Prompt » Would you print the listing that follows exactly, but without its pictures?

Data excerpt »
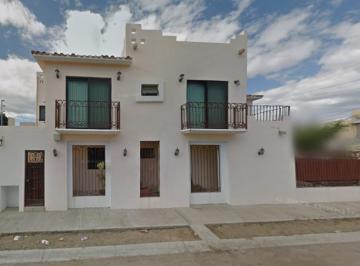 Casa de 5 habitaciones, Los Cabos · Venta de Casa en Bcs Los Cabos Col Progreso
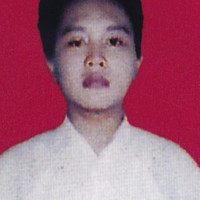 Zakaria Suteja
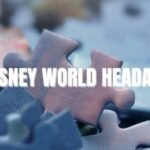 Avoiding Disney World Headaches: Tips for a Stress-Free Vacation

Your response »
 Casa de 5 habitaciones, Los Cabos · Venta de Casa en Bcs Los Cabos Col Progreso
 Zakaria Suteja
 Avoiding Disney World Headaches: Tips for a Stress-Free Vacation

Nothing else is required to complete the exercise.